The TWC created a network of educated Black women with similar interests. Among the organization’s founding members was Adella Hunt Logan, activist and wife of Tuskegee Institute treasurer, Warren Logan. Other members included wives of prominent men at Tuskegee Institute and throughout the community. The TWC began as an exclusive organization and during its initial years, members could only join through the recommendation of Margaret Washington and other founding members. This selection process became a common practice for most nineteenth-century Black women's clubs.
The TWC's early constitution promoted women’s intellectual growth and the cultivation of mainstream middle-class values of female propriety. In addition, members instructed working-class women on the importance of respectability and the interconnectedness of moral character and citizenship rights. Their community activism extended beyond conventional female spheres to spaces that men and women shared, including political organizations, mutual aid societies, and schools.
By 1905, the TWC consisted of ten departments addressing such topics as religious instruction, education, prison reform, self-improvement, suffrage, temperance, and assistance for the elderly; each department had a chairwoman. The suffrage division, led by Adella Hunt Logan, was particularly notable; the TWC understood the importance of the ballot, and Hunt's leadership helped to increase interest in the woman suffrage movement in Alabama. The suffrage division of the TWC continued its fight for the franchise long into the twentieth century and was responsible for the political education of hundreds of Black southerners. Widespread poverty and disease among Black citizens in Alabama made it essential for the TWC to prioritize education and outreach on these issues as well.
The TWC also helped to expand the influence of Tuskegee Institute leadership, known as the Tuskegee Machine, through local partnerships. With the collaboration of local Tuskegee women such as Cornelia Bowen, Bess Bolden Walcott, and Josephine Washington, the organization created in 1911 the Mt. Meigs Reformatory for Boys, which was eventually taken over by the Alabama Department of Youth Services in the early 1970s. These women also placed Bibles in prisons, championed health education throughout the South, and established an all-Black Red Cross chapter in Tuskegee, among other initiatives.
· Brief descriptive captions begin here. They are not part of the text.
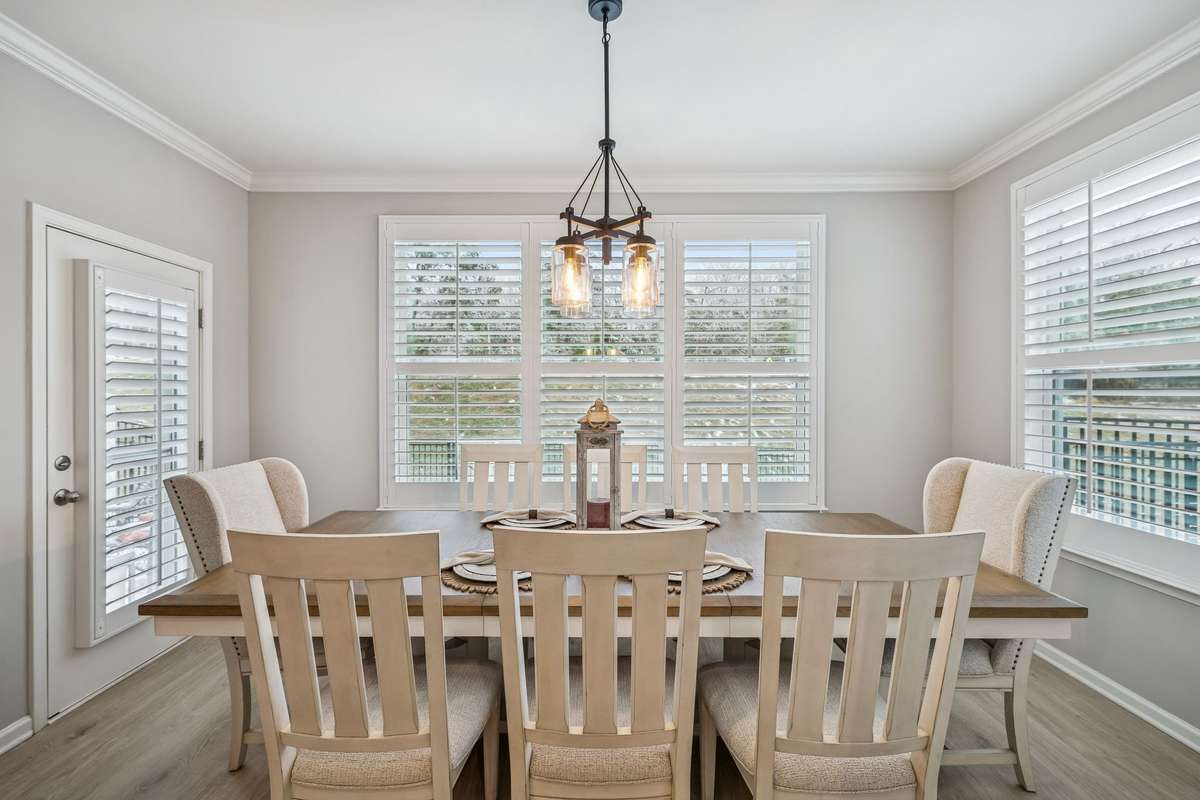 Formal dinning room with custom window treatments. Wooden built in shades. Bottom shade operates separately for privacy while allowing in natural light
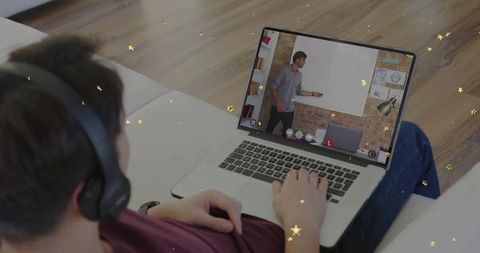 Teenager attending virtual lesson with laptop on sofa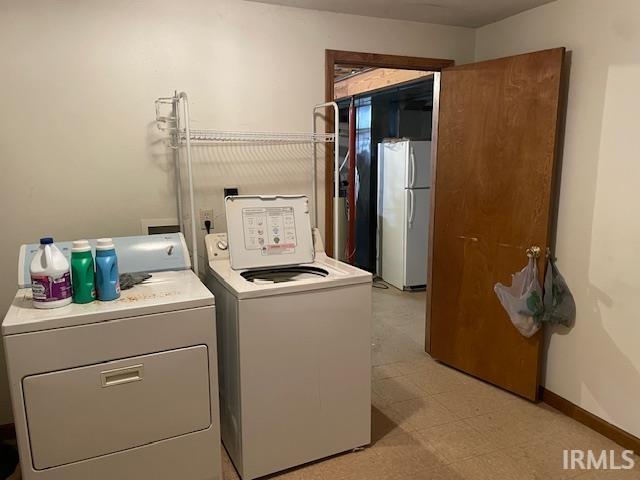 56862 Pomona St, Elkhart, IN 46516 - laundry area with washer and dryer, light flooring, and baseboards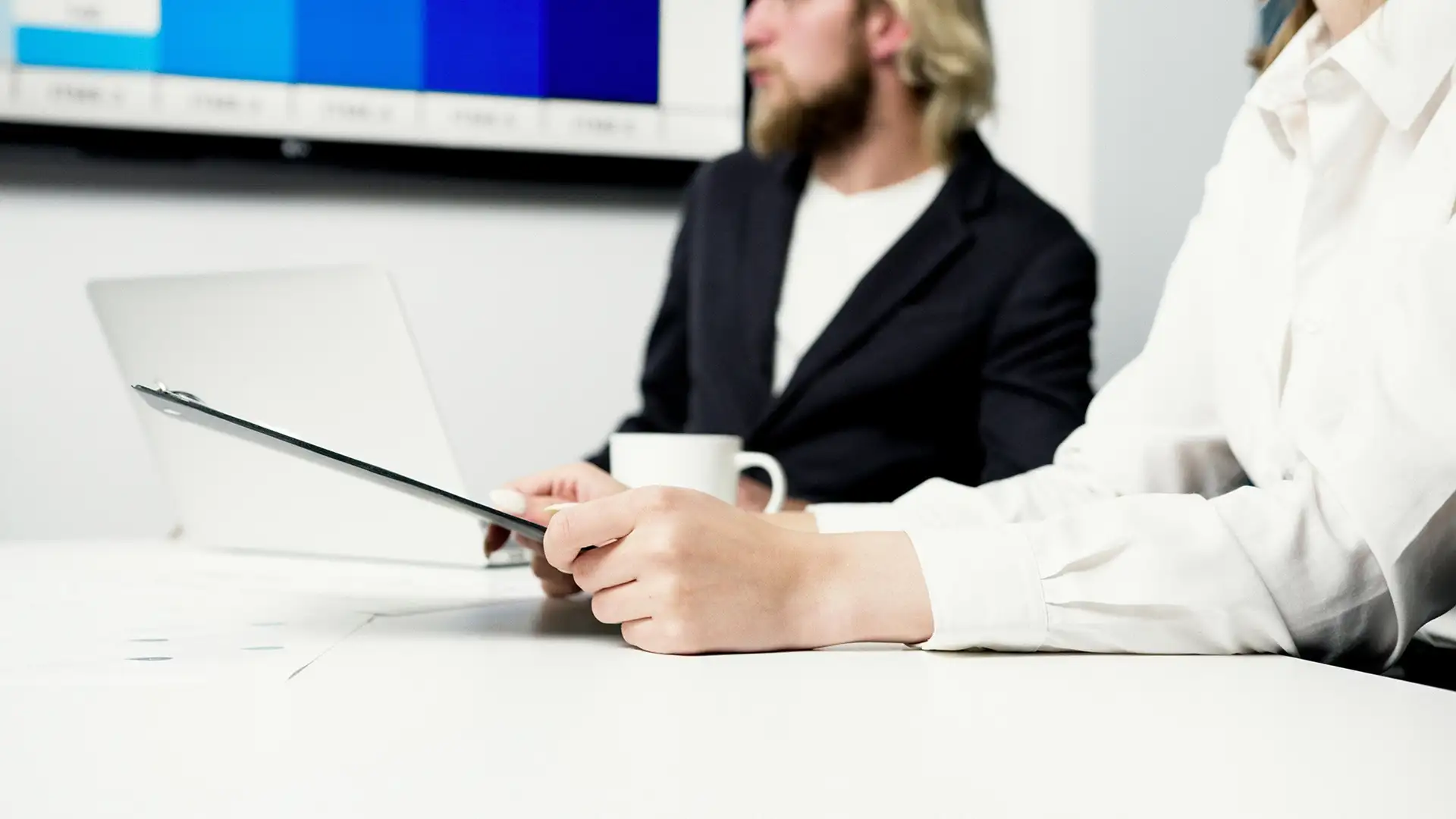 Les mains d'une femme qui tient une tablette et un collègue se tient à ses côtés lors de la réunion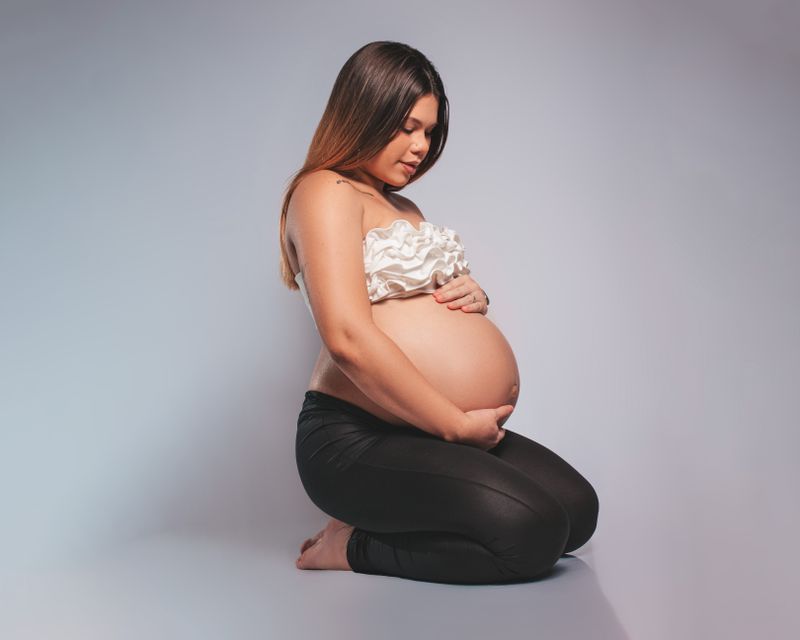 Portrait of a pregnant woman kneeling, showcasing maternity elegance and anticipation in a studio setting.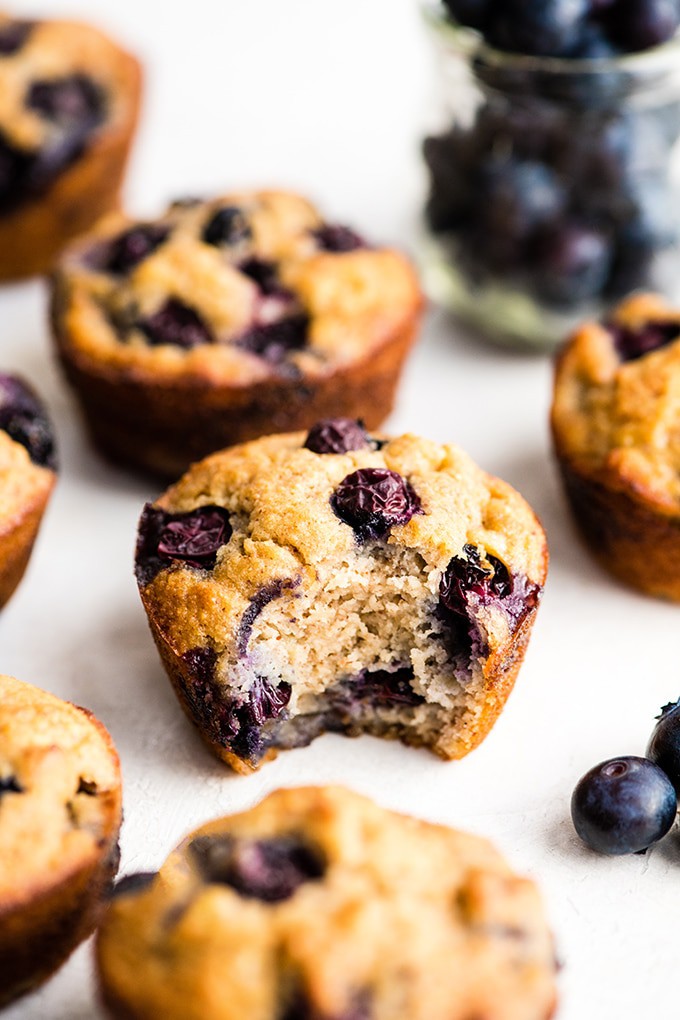 blueberry muffin with a bite taken from it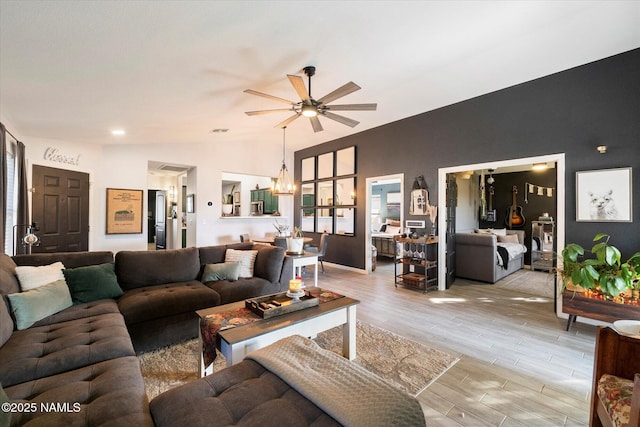 living room with ceiling fan with notable chandelier, light hardwood / wood-style flooring, and lofted ceiling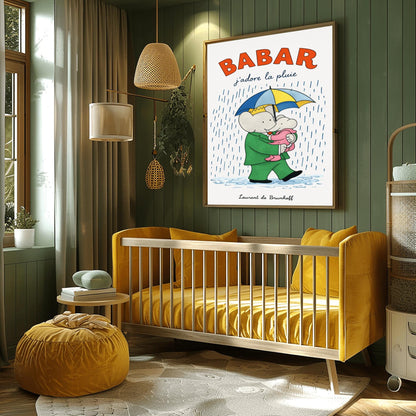 A vertical children's illustration poster titled "BABAR: j'adore la pluie" in orange and blue. King Babar, in a green suit and crown, is walking through the rain while holding a blue and yellow striped umbrella. He is carrying a small elephant wearing a pink rainsuit. They are walking through light blue puddles on a white background. The name "Laurent de Brunhoff" is at the bottom.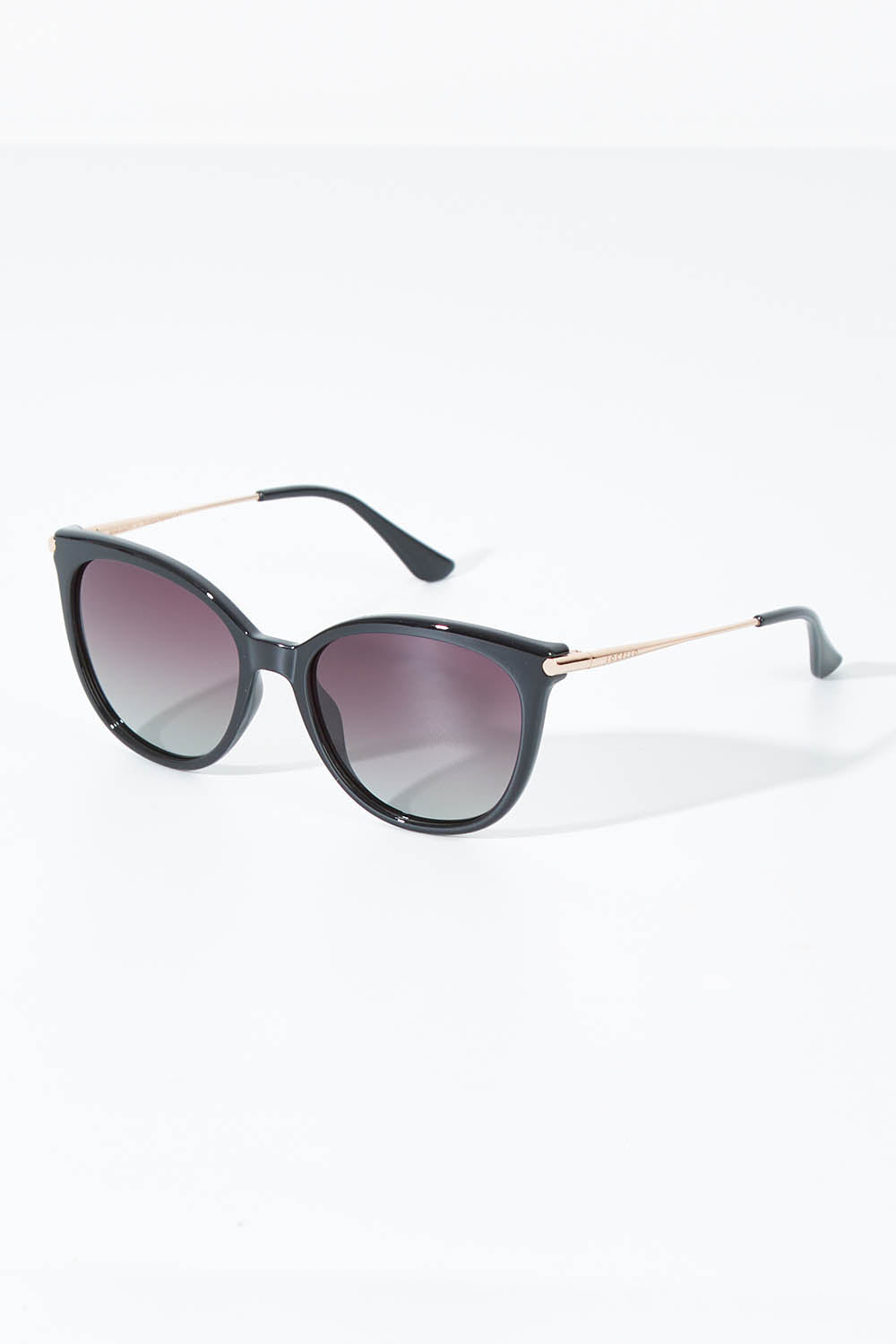 A model wearing size OneSize of the Ashley Sunglasses in colour Black (Black), from the front, showing the whole outfit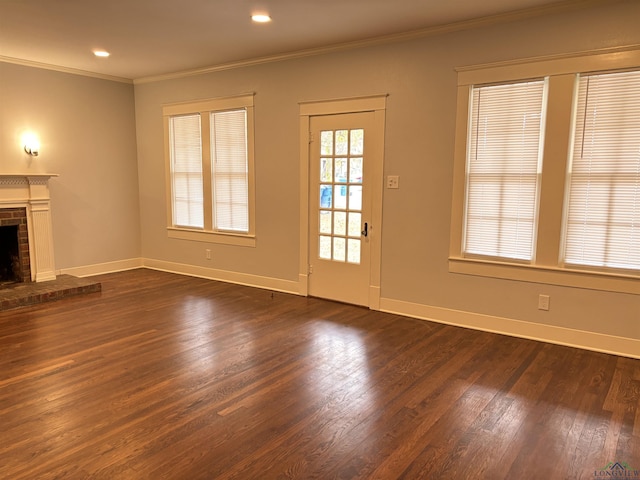 unfurnished living room featuring dark hardwood / wood-style flooring, a fireplace, and ornamental molding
Some of these initiatives can still be seen today.
Additional Resources
- Harris, Sheena. Margaret Murray Washington: The Life and Times of a Career Clubwoman. Knoxville: The University Press of Tennessee, 2021.
- Harris, Sheena. “A Woman’s Work: The Story of Cornelia Bowen and Mt. Meigs, Alabama.” The Griot: The Journal of African American Studies 39, no. 4 (Winter 2020): 27–49.
- Neverdon-Morton, Cynthia. Afro-American Women of the South and the Advancement of the Race, 1895–1925. Knoxville: University of Tennessee Press, 1989.
- Shaw, Stephanie J. What a Woman Ought to Be and to Do: Black Professional Women Workers during the Jim Crow Era. Chicago: University of Chicago Press, 1996.